[Task goal] Look through the records below for the line with "Hands folding strips". Return that line and each one after it up to and including the line with "1682 Old N Shore", exactly.

━━━ Available data ━━━

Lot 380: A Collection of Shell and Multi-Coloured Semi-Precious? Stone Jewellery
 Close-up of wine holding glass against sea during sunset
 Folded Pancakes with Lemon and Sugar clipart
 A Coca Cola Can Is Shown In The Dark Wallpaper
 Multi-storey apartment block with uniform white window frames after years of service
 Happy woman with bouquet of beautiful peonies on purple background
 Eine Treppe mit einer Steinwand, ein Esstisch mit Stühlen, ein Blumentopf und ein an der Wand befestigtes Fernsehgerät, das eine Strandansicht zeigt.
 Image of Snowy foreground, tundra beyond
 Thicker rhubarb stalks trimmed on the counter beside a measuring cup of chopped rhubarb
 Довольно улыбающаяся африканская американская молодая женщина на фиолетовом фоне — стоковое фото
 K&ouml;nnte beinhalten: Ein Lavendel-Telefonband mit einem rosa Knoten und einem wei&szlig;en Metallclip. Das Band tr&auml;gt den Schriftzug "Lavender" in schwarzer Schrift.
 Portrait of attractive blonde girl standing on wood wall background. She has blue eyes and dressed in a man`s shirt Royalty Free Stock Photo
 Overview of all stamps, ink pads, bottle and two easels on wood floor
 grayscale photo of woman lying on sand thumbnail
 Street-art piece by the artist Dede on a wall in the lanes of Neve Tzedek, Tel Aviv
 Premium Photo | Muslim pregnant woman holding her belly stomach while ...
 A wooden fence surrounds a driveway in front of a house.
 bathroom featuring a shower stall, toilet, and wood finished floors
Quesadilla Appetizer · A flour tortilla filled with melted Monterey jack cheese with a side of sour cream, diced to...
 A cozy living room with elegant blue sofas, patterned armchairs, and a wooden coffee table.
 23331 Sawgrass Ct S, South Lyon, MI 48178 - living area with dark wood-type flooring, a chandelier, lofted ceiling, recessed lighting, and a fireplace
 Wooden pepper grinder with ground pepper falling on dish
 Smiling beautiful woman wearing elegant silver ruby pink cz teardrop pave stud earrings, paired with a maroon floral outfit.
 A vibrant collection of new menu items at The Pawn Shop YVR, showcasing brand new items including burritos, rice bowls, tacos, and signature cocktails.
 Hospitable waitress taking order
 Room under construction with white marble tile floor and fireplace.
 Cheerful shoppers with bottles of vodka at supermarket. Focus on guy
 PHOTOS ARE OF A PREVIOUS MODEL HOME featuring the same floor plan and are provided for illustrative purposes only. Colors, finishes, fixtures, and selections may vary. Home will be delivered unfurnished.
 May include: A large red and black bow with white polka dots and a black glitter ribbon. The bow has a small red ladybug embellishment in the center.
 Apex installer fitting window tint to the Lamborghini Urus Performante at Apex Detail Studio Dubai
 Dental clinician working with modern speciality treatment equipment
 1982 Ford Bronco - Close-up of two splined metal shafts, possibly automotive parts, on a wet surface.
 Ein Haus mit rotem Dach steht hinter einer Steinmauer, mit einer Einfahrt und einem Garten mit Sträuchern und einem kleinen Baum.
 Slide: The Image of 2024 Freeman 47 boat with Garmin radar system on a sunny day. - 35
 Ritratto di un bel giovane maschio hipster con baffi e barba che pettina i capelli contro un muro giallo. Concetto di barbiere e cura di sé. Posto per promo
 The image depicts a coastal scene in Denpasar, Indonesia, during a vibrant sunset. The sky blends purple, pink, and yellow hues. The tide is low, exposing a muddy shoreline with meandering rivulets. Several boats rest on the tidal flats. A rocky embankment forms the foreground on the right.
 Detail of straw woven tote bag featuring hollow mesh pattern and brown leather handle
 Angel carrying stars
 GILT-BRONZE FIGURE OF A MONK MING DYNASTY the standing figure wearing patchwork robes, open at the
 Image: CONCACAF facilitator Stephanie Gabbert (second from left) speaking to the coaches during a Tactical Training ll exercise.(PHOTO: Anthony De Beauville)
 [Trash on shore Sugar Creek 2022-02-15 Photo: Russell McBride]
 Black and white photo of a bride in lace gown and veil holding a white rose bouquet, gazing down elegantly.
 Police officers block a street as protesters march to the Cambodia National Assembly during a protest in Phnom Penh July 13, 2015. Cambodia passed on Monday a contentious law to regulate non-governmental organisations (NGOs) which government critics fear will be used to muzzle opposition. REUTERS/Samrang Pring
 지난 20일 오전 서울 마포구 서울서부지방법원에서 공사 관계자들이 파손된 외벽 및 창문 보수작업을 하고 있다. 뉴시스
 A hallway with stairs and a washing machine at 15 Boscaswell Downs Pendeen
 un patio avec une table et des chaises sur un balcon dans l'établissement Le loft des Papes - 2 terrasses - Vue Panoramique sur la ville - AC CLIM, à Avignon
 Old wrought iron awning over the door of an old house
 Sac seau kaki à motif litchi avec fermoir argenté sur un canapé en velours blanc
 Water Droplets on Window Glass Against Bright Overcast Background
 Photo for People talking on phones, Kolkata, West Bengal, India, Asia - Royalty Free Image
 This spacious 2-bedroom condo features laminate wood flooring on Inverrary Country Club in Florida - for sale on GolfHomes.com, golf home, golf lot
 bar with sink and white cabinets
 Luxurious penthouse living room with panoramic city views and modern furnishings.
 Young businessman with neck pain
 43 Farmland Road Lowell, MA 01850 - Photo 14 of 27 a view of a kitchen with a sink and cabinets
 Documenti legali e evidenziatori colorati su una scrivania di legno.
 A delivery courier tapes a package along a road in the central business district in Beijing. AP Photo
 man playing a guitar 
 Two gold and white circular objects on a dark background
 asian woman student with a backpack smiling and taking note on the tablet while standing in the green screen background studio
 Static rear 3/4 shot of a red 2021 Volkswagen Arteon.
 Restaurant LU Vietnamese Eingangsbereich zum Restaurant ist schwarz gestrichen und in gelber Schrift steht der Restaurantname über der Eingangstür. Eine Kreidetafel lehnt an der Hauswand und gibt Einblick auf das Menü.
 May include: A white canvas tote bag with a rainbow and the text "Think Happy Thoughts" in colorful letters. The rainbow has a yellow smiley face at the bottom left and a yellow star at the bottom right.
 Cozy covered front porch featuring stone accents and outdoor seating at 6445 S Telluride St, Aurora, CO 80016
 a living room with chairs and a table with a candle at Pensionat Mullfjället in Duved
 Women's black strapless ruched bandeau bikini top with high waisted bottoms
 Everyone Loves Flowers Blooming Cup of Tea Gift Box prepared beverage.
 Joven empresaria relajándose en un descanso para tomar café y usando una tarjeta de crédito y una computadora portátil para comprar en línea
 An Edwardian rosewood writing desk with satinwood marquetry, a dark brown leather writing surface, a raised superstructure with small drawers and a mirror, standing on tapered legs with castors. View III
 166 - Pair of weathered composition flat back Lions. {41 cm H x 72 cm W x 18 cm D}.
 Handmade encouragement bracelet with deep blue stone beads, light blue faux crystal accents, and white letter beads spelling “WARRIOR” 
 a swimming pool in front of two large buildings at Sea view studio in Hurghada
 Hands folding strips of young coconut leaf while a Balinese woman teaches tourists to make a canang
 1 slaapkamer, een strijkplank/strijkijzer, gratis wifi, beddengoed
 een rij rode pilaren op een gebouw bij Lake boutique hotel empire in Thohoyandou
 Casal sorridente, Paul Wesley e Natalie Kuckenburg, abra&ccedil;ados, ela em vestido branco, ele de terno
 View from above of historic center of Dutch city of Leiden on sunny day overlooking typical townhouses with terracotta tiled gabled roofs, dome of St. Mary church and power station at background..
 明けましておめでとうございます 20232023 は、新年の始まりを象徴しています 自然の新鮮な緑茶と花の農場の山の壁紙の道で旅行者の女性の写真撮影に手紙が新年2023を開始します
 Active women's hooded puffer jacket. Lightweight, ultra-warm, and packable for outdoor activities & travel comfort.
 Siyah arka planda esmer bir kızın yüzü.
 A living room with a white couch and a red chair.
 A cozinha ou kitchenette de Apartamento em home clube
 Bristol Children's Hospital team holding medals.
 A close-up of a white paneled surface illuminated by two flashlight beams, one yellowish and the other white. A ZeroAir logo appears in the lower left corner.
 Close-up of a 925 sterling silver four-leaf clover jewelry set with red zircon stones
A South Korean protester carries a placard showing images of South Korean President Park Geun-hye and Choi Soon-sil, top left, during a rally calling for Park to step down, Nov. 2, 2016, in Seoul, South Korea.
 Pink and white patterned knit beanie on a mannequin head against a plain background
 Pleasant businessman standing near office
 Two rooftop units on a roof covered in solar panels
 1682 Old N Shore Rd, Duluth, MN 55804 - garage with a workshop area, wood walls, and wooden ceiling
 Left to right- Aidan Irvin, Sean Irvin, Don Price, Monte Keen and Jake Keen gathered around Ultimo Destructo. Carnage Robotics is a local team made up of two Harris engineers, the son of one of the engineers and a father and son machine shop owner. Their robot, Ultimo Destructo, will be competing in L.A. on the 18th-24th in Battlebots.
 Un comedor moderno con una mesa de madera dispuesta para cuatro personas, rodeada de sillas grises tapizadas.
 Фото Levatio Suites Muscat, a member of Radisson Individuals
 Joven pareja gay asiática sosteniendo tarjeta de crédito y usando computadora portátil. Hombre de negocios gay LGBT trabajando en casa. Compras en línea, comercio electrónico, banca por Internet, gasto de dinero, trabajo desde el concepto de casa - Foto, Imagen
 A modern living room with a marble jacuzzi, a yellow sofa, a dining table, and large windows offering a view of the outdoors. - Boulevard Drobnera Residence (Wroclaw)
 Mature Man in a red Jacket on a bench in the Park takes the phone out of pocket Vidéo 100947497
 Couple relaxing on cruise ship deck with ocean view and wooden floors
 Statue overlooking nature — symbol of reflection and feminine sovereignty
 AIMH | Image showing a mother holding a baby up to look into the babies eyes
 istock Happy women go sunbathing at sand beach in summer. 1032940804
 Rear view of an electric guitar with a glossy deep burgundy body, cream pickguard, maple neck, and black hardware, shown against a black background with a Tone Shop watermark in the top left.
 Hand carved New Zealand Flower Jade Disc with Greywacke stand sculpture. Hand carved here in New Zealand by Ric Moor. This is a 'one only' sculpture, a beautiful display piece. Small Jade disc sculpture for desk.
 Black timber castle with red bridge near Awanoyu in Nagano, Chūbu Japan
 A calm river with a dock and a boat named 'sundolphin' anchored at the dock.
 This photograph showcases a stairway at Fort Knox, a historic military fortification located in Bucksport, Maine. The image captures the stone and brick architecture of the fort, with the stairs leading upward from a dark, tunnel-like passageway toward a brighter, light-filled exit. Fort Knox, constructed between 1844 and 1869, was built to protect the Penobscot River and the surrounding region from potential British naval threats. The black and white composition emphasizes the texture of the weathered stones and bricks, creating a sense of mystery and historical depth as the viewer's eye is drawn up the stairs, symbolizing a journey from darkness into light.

━━━

[Answer space]
 Hands folding strips of young coconut leaf while a Balinese woman teaches tourists to make a canang
 1 slaapkamer, een strijkplank/strijkijzer, gratis wifi, beddengoed
 een rij rode pilaren op een gebouw bij Lake boutique hotel empire in Thohoyandou
 Casal sorridente, Paul Wesley e Natalie Kuckenburg, abra&ccedil;ados, ela em vestido branco, ele de terno
 View from above of historic center of Dutch city of Leiden on sunny day overlooking typical townhouses with terracotta tiled gabled roofs, dome of St. Mary church and power station at background..
 明けましておめでとうございます 20232023 は、新年の始まりを象徴しています 自然の新鮮な緑茶と花の農場の山の壁紙の道で旅行者の女性の写真撮影に手紙が新年2023を開始します
 Active women's hooded puffer jacket. Lightweight, ultra-warm, and packable for outdoor activities & travel comfort.
 Siyah arka planda esmer bir kızın yüzü.
 A living room with a white couch and a red chair.
 A cozinha ou kitchenette de Apartamento em home clube
 Bristol Children's Hospital team holding medals.
 A close-up of a white paneled surface illuminated by two flashlight beams, one yellowish and the other white. A ZeroAir logo appears in the lower left corner.
 Close-up of a 925 sterling silver four-leaf clover jewelry set with red zircon stones
A South Korean protester carries a placard showing images of South Korean President Park Geun-hye and Choi Soon-sil, top left, during a rally calling for Park to step down, Nov. 2, 2016, in Seoul, South Korea.
 Pink and white patterned knit beanie on a mannequin head against a plain background
 Pleasant businessman standing near office
 Two rooftop units on a roof covered in solar panels
 1682 Old N Shore Rd, Duluth, MN 55804 - garage with a workshop area, wood walls, and wooden ceiling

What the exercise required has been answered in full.